Scott Barry Kaufman, Transcend
Can a community or nation rise through Maslow’s hierarchy and achieve self-actualization? It might seem like an odd way to think of it when the focus is on each individual person and their route to self-actualization. However, there is no issue with arete. The Greeks would have had no issue asking if a city-state had arete.
In the Greco/Roman model shame and a desire to compete acted as a powerful social mechanism to encourage Arete when luxury and entertainment were readily available. Remember that the social classes that would have the greatest chance of achieving arete in those cultures were the elite–the very people who, by having their security needs most easily met, were most at risk of wasting their lives on entertainment and luxury. Shame and a desire to compete and outdo each other in honor served as powerful social mechanisms to keep the elite focused on achieving excellence in life.
The greatest source of power for the ancient Romans had been their willingness, singly and as a group, to compete strenuously, but not in order to win, not to survive. The most powerful social bonds in ancient Rome were a precipitate of the blood the Romans were willing to expend so prodigally for one another generation after generation; no law, no god, no victory, no pride in family or race or status could ever so clarify or crystallize the spirit. The will, the willingness, on behalf of the collectivity to lose everything, to become nothing, had kept selfconsciousness and shame from being too excruciating, too alienating.
…
The religious and legal systems of ancient Rome, as well as the stories and exempla of the Republic, reveal a contest culture with all its attendant emotional and social frictions.
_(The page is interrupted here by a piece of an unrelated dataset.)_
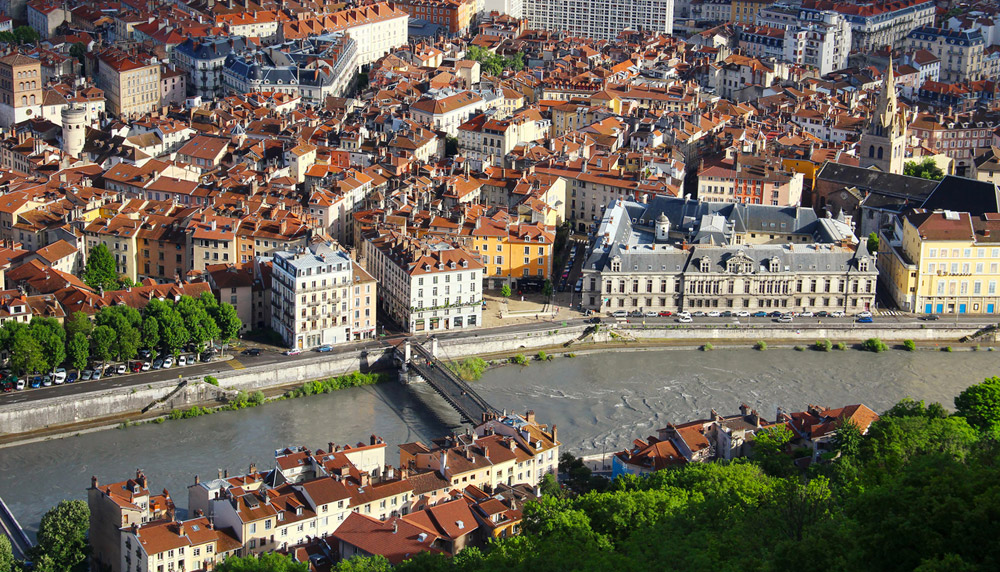 Le centre-ville de Grenoble en France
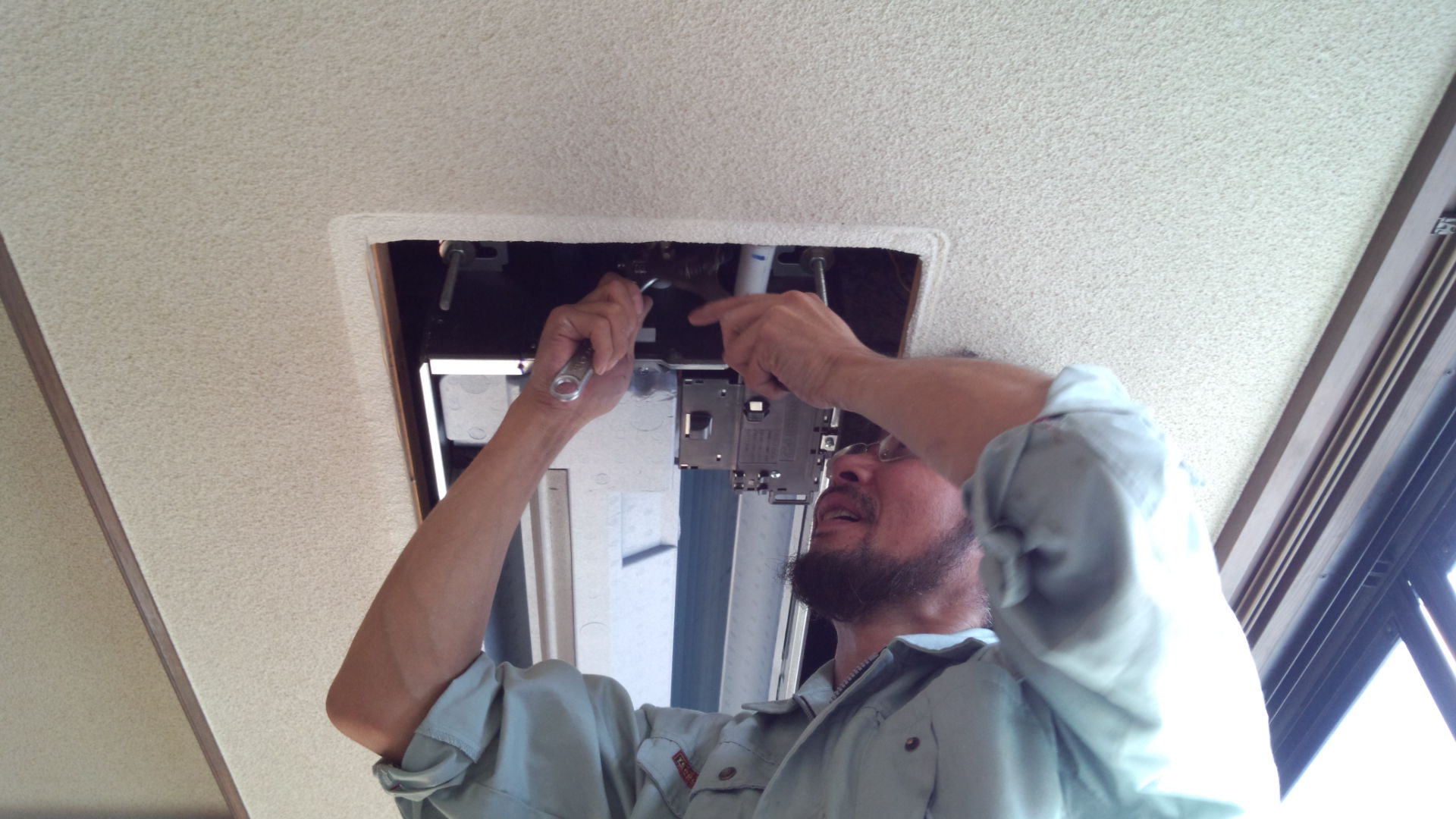 天井埋め込み型エアコン冷媒配管接続工事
Carlin Barton, Roman Honor: The Fire in the Bones
There is something to keep in mind with both these concepts: although both arete and Maslow’s hierarchy are about living up to your full potential you can never truly know what that is. You’ll never know if you had reached it, or if you could have gone further.
That is a blank spot on the map of life that never goes away, and it requires a willingness to explore your own capabilities. Sometimes what you need to tell yourself isn’t “I can do this.” Instead you should ask, “I wonder what I am truly capable of?” Goals are good, but they imply you already know what’s possible and there isn’t anything left to explore that will surprise you.